In his latest blog Hristo notes the fact that in Bulgaria some political heavyweights have entered the European arena. A number of contestants with quite an impressive Euro-résumé have declared themselves eligible for the EP elections. The current lay-out of the European Parliament shows a similar picture: the former sort-of President of Lithuania Vytautas Landsbergis, the Spanish ex-Interior Minister Jaime Mayor Oreja, 1968 revolutionary Daniel Cohn-Bendit and Jean-Luc Dehaene, who has been Prime-Minister of Belgium. In a short report Dutch public broadcaster NOS showed that all of them are currently occupying one of the seats in the Espace Leopold. In a performance on Dutch television Guy Verhofstadt (it seems to me as if he is a lot more popular in the Netherlands than he is in his own Belgium) even spoke of a tradition among Belgian premiers to move from the one Parliament building in Brussels, to the other.
The idea that actual political heavyweights move to Brussels, not to become a Commissioner, but as an MEP is hard to conceive for the Dutch.
I think this year is the first time that a number of experienced MP’s on the national level can also be found on the European party lists; and still we are talking here about politicians that did not even make it to the top 10 of the list for the 2006 national elections.

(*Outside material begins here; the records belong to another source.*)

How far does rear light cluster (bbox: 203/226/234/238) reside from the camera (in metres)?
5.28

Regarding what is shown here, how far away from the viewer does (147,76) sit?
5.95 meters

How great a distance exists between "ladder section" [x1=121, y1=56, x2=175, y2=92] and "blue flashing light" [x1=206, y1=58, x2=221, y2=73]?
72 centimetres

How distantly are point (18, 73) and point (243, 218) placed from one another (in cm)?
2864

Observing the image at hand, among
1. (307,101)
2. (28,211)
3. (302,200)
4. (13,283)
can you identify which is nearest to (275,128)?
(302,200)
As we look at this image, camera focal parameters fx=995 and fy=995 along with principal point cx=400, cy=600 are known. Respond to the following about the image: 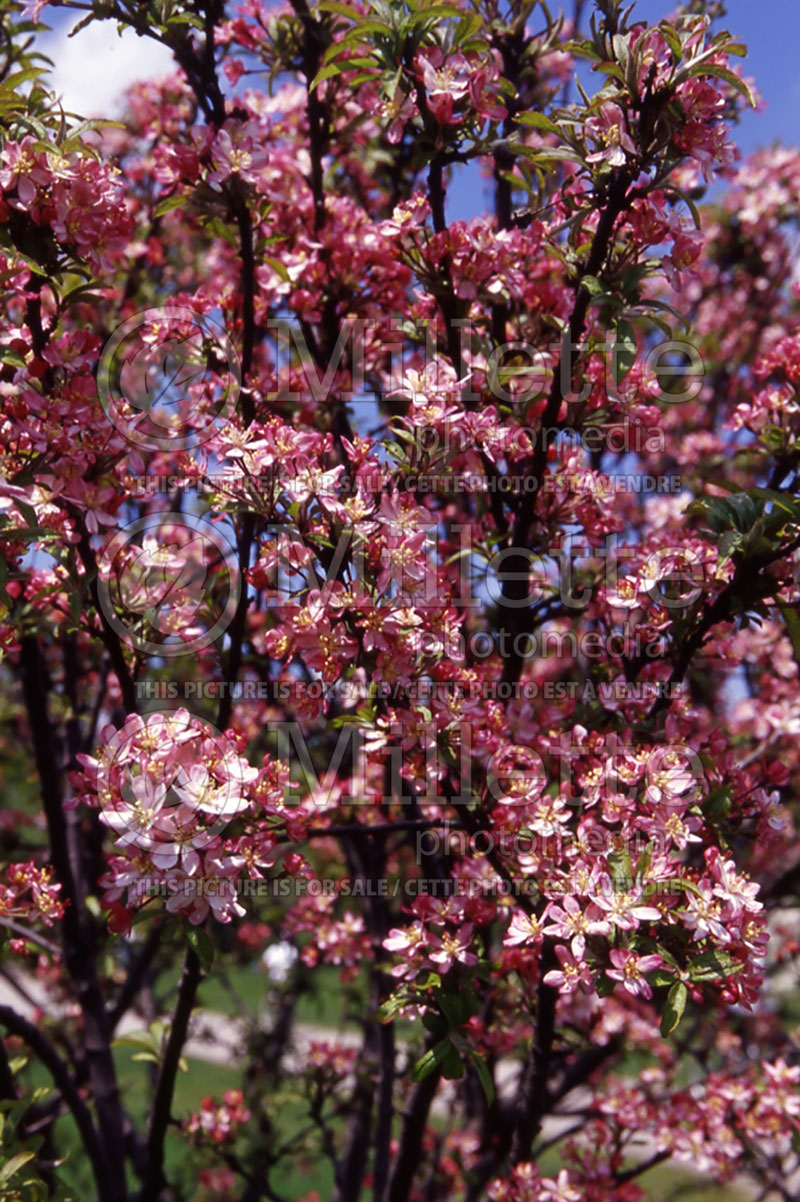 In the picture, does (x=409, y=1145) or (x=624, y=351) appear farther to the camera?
(x=409, y=1145)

It would almost lead you to thinking that in the Netherlands the A-list politicians try to stay away as far as possible from Europe: almost none of the actual party-leaders have engaged in the European debate and all of them seem to focus solely on national matters. Europe is left to those who have not made it to the inner circles of their own party. Liberal candidate Hans van Baalen is so afraid to lose his position in the governmental capital of the Netherlands, The Hague, that he has declared that even after his election to the EP he will not move to Brussels. Which provoked his Green opponent Judith Sargentini to sharply remark: “So you want to go to Brussels, but actually you don’t really want to go?”
As such, I must admit that I look with a certain jealousy to other fellow European countries where at least the politicians themselves seem to take Europe seriously. However, there is another side of the coin: to what extent do the former presidents, prime ministers and secretaries go to Brussels to help and work on a better Europe, and to what extent do these political Mastodons use Europe as their last chance not to be forgotten?